The Crown season six part one is finally available to watch on Netflix, and depicts the final few weeks of Princess Diana’s life before she was killed in a car crash alongside her partner, Dodi Fayed, and their driver, Henri Paul.
While the show depicted the intense interest in Diana from the paparazzi, as well as the immediate aftermath of her death, the show’s creator Peter Morgan has spoken about the one thing that they would never depict in the show.
Speaking to Variety, Peter opened up about portraying the conspiracies surrounding Diana’s death, explaining: "This was never going to be a story about how did she die? The police inquiry sorted all that out. We were never interested in that. It was always about, what was the impact on the family before and after her death? What was the truth of the nature of her relationship with Dodi Fayed?
Elizabeth Debicki, who plays Diana, added: "It’s a tricky conversation to have because you can’t say something like legacy because it’s not — it’s an intelligent drama. But at the same time, we know that we’re dealing with an audience’s blend of real-life memory and then an invention in the television show.
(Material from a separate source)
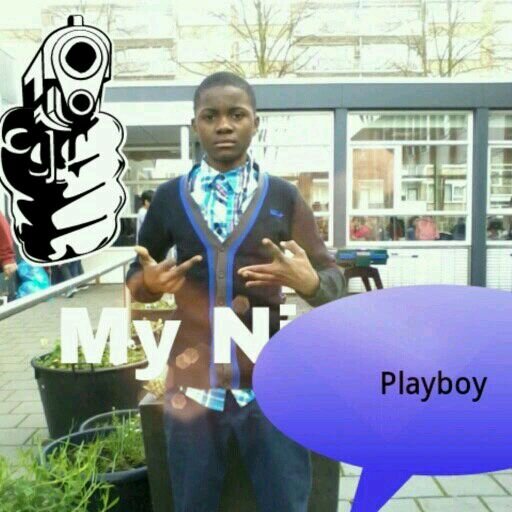 @whatsapp.nl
"We did tread with as much respect as we possibly could have had — and that I know for sure. So, I’m glad because when I watched it back, I realised what a serious thing it was to make."
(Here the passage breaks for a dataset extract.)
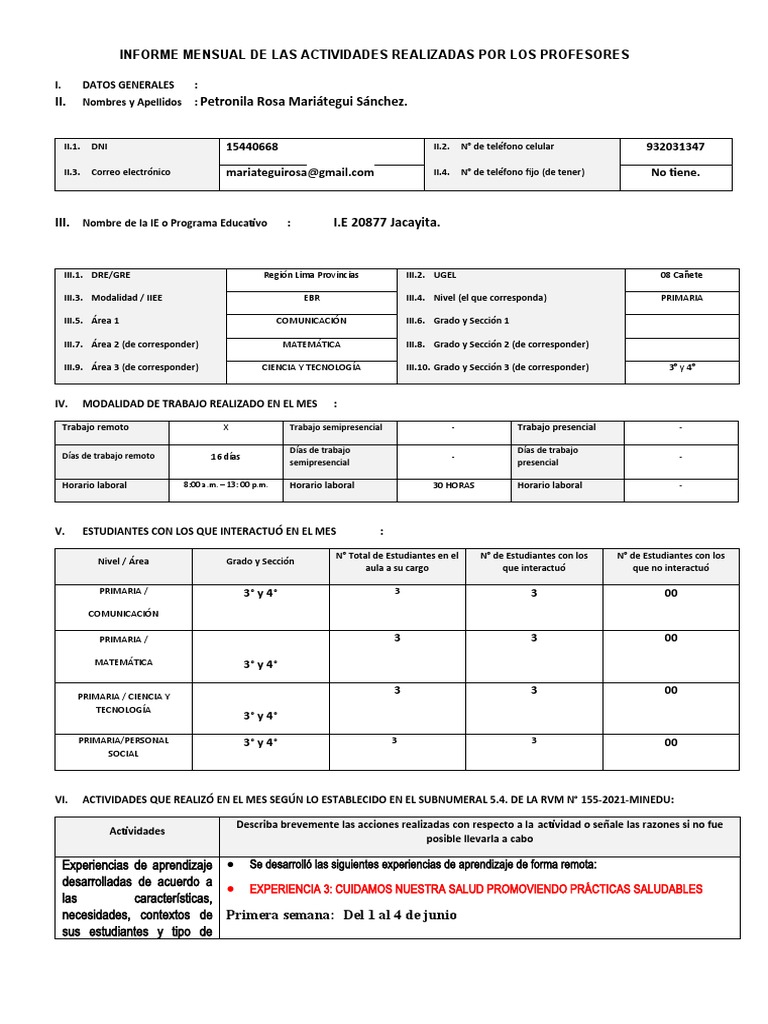 Informe Mensual Junio PDF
The police inquiry back in 2006 concluded that the car crash was a "tragic accident". Lord Stevens, who led the three-year investigation, said: "There was no conspiracy to murder any of the occupants of that car." He added: "We have spoken to many of her family and closest friends and none of them indicated to us that she was either about to or wished to get engaged. Prince William has confirmed to me that his mother had not given him the slightest indication about such plans for the future."
Diana was 36 when she was killed in a car crash after being chased by paparazzi in the Paris' Pont d'Alma tunnel. Her bodyguard, Trevor Rees, was the only survivor of the crash, and has no memory of the event after suffering terrible injuries including brain and chest trauma, leaving him in a coma for ten days.
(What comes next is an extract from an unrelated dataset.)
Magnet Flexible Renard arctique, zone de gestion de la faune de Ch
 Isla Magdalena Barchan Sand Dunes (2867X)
At the inquest, he said: "I have a memory of stopping at traffic lights and seeing a motorcycle on the right-hand side of the car. I'm not sure about the other vehicles, but I can remember this motorcycle very clearly. My memory then is of total confusion. I don't remember the pain but in my head, there was a lot of confusion. I don't remember if someone was holding me or attempting to give me treatment."